Reunidos por Torres y Miguel Dalmaroni, estos escritos responden además a un desafío literario: articular nuevas formas de expresión sobre la historia reciente.
“Los autores, en especial aquellos que trabajaron con materiales autobiográficos, entendieron que el rol de víctimas era una peligrosa forma de estancamiento” y “cuando el testimonio fue encontrando otros ámbitos la literatura pudo volver a practicar caminos más osados, suyos y potentes”, resume Torres.
Entre esas nuevas expresiones se inscriben dislocaciones de lo autobiográfico como “Antebrazo”, de Ernesto Semán; que conviven con estilos reinventados del testimonio como “Mis dos hemisferios”, de Fernanda García Lao; ficciones puras como “Perro negro” (Patricia Ratto) o “La garita” (Gabriela Cabezón Cámara); y encadenamientos poéticos como el que practica Mario Ortiz en “Actos de habla”.

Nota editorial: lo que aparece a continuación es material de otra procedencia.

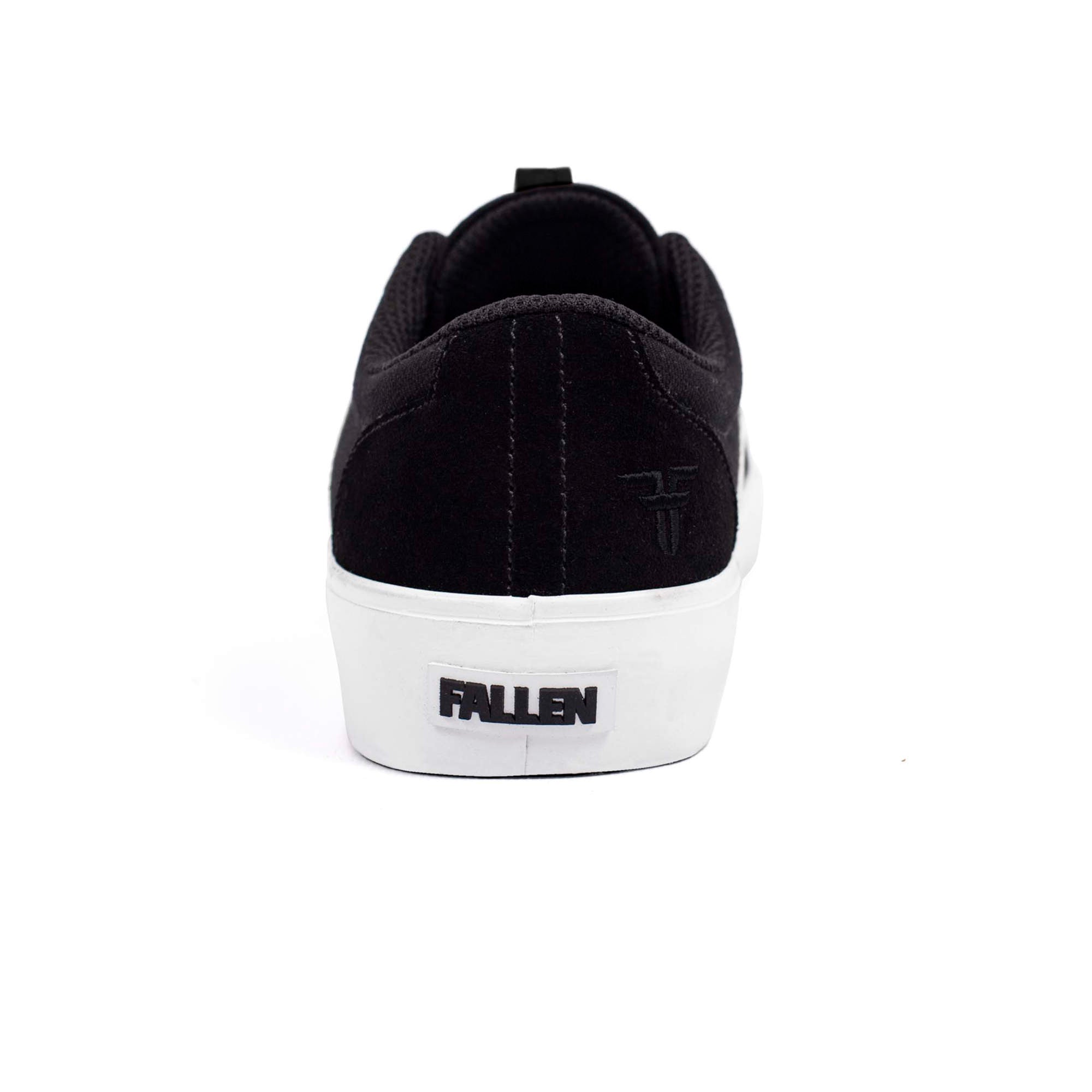 Fallen Footwear Phoenix Kids skate shoes in Black / White back image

“Una mezcla de formas y tonos que puede servir para tomarle el pulso a la literatura argentina actual en lo que hace a sus modos de narrar la memoria”, sostiene Torres, académica e investigadora que estudia hace años el vínculo entre la literatura, la dictadura y la memoria.
Así la voz de infancia -presente en “Réplica en escala”, de Paula Tomassoni; “4 colores”, de Carlos Ríos; “Calmar la sed”, de Sergio Olguín; “Casas viejas en calles empedradas”, de Alejandra Zina o “24”, de Federico Jeanmaire-, se alterna con el presente y recupera memorias privadas que se cruzan con la historia colectiva. Procedimiento que sobre todo, dice Torres, “permite regresar a dos escenarios, el de la familia y la escuela, espacios emocionales intermedios, siempre entre lo íntimo y lo expuesto que fueron un disfraz para aquella intemperie despiadada”. Ejemplo de esto son “El ahorcado”, de Mariana Enríquez; “El murmullo”, de Carlos Gamerro; o “Queso”, de Esteban López Brusa.

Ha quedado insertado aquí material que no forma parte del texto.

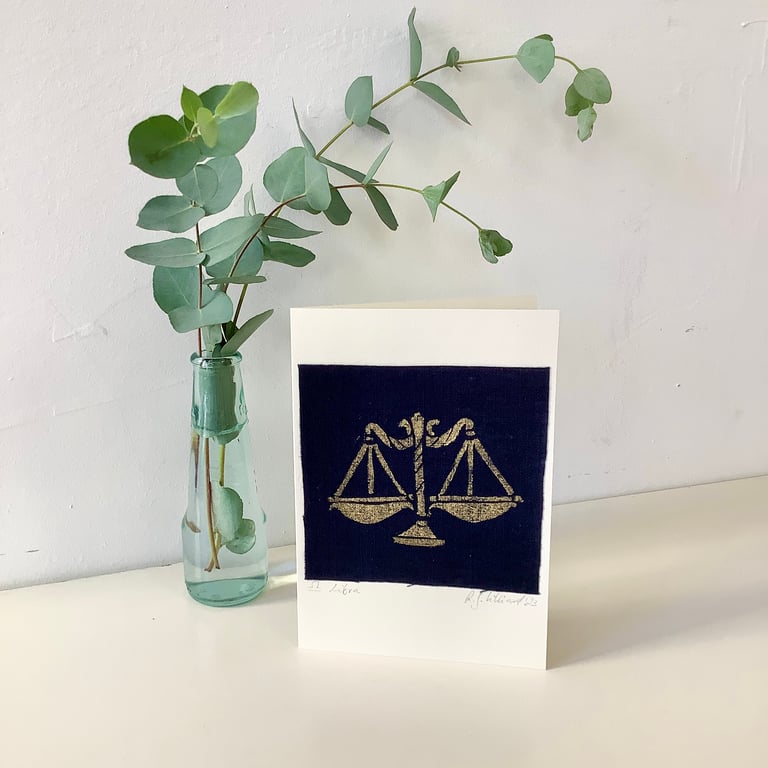 Zodiac Libra greeting card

“Lo importante -continúa- es la forma en la que a partir de ahora esas voces van a continuar su camino y seguir siendo canalizadas” y es en ese camino que “el arte y la literatura que logra escapar a toda simplificación y lógica maniquea manifiesta matices reflexivos que habían sido tomados en cuenta hasta el momento”.
Los textos “parecen recordarnos que es la literatura la encargada de no dejar que esos recuerdos, por más mínimos que sean, se fijen en un tiempo pretérito” y en ese camino “hay que contemplar el futuro de la memoria, prestar suma atención a la importancia y complejidad de su transmisión intergeneracional”.
“Sin el Juicio a las juntas no seríamos la sociedad que somos y nuestra literatura tampoco”, señala Torres. En los 80 se narró la dictadura de forma cifrada y oblicua poco a poco y con el transfondo del proceso a los genocidas, entre otras cuestiones, fue abriendo camino a relatos más completos y directos.
La literatura de ficción que trabaja los años de la dictadura “abordó modalidades más allá de la necesidad o aspiración realista” y los textos -que completan Martín Kohan, Alejandra Laurencich, Inés Garland, Sergio Chejfec, Patricia Suárez, Julián López y Eduardo Berti- “dan una idea clara del estado de la literatura actual argentina” y los cruces que establece con memoria.
Muchos textos literarios han anticipado acontecimientos históricos y “Golpes”, de alguna manera, “contribuye a matizar, complejizar y desconcertar lo que esperan y aprovechan calendarios y relojes en las conmemoraciones”, concluye.